# Somebody Keyed My Car!



## John N. (Dec 11, 2005)

Someone last night key my car that was parked in front of my house. The whole back driver side near the gas tank has a 5 letter curse word etched so deep that I can slip my fingernail through the markings. Since they marked a word verses just scratching, I'm guessing it wasn't random, but have no clue why they did it. Maybe they didn't like me parking in the street that's right in front of my house? Doesn't make sense since most times people don't park there anyway and it is in front of my house. Blah, maybe it was random...in any event I'll have my camera out and watch the car for a few days, since I'm leaving it parked there while I'll drive the other car. Guess my neighborhood is going downhill...there is a sense of "white flight" in the area, and more house renting going on.

Is there anyway I can fix scratch by hand i.e car 'nail' polish and maybe some buffing. 

-John N.


----------



## DonaldmBoyer (Aug 18, 2005)

Depends if it was just the clearcoat or not. Sounds pretty deep, and I would take it in somewhere to have them fix it. It shouldn't be too bad ($$-wise) if it is localized to one area.

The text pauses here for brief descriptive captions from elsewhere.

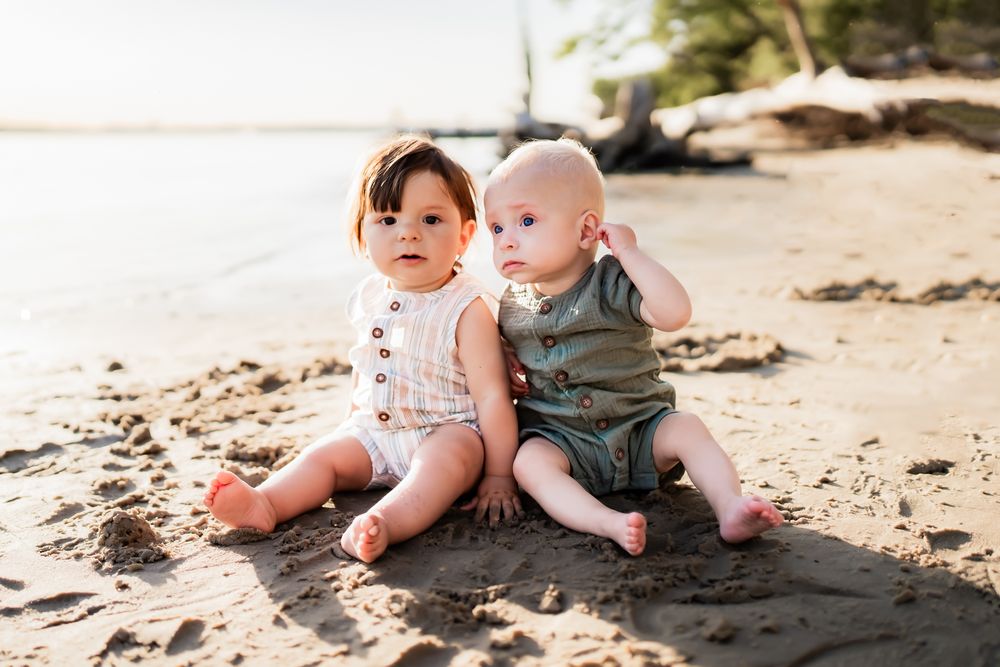 Two young toddlers in summer outfits sit together on a sunny beach with driftwood and sand in the background.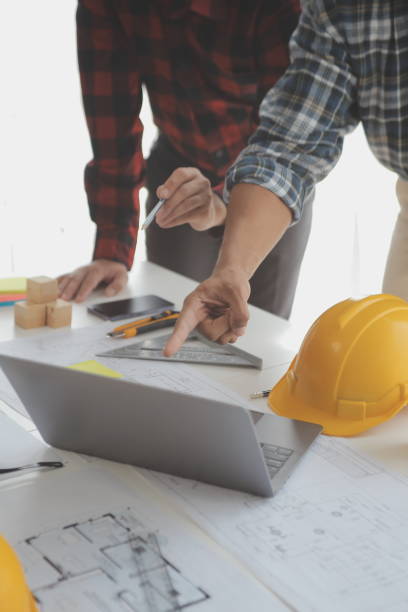istock Construction and structure concept of Engineer or architect meeting for project working with partner and engineering tools on model building and blueprint in working site, contract for both companies. 1522805198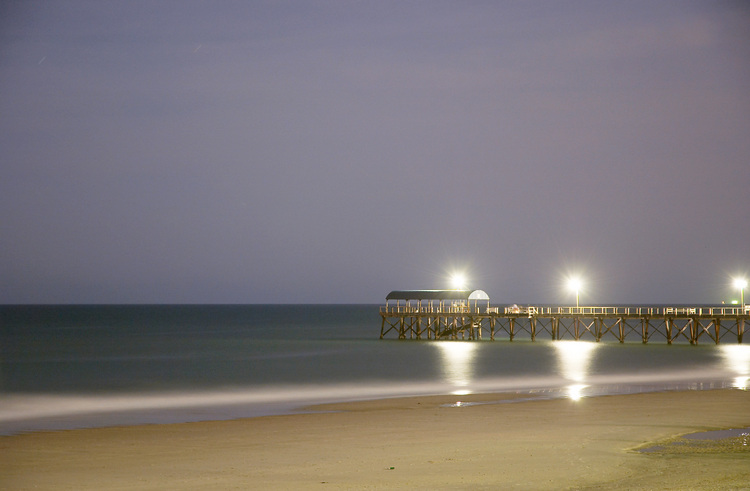 Jetty, beach, and sky at night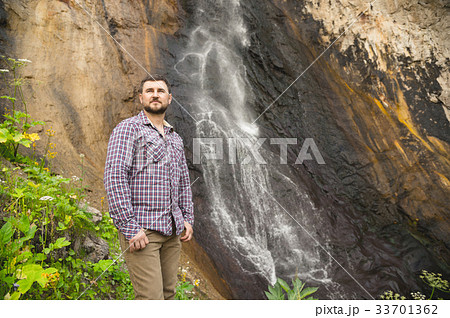 A bearded hipster in a plaid shirt stands against A bearded hipster in a plaid shirt stands against 33701362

Sorry to hear that, dude! That sucks! Use your video cam to see if you can catch anyone, and turn them into the police! I know how you feel.....I work in downtown Detroit, and have had my tires slashed, car broken into, and a window smashed out. I had to find different parking, which luckily came when I switched to a higher position. Otherwise, I would have had to pay up the butt to park in a "safe" area!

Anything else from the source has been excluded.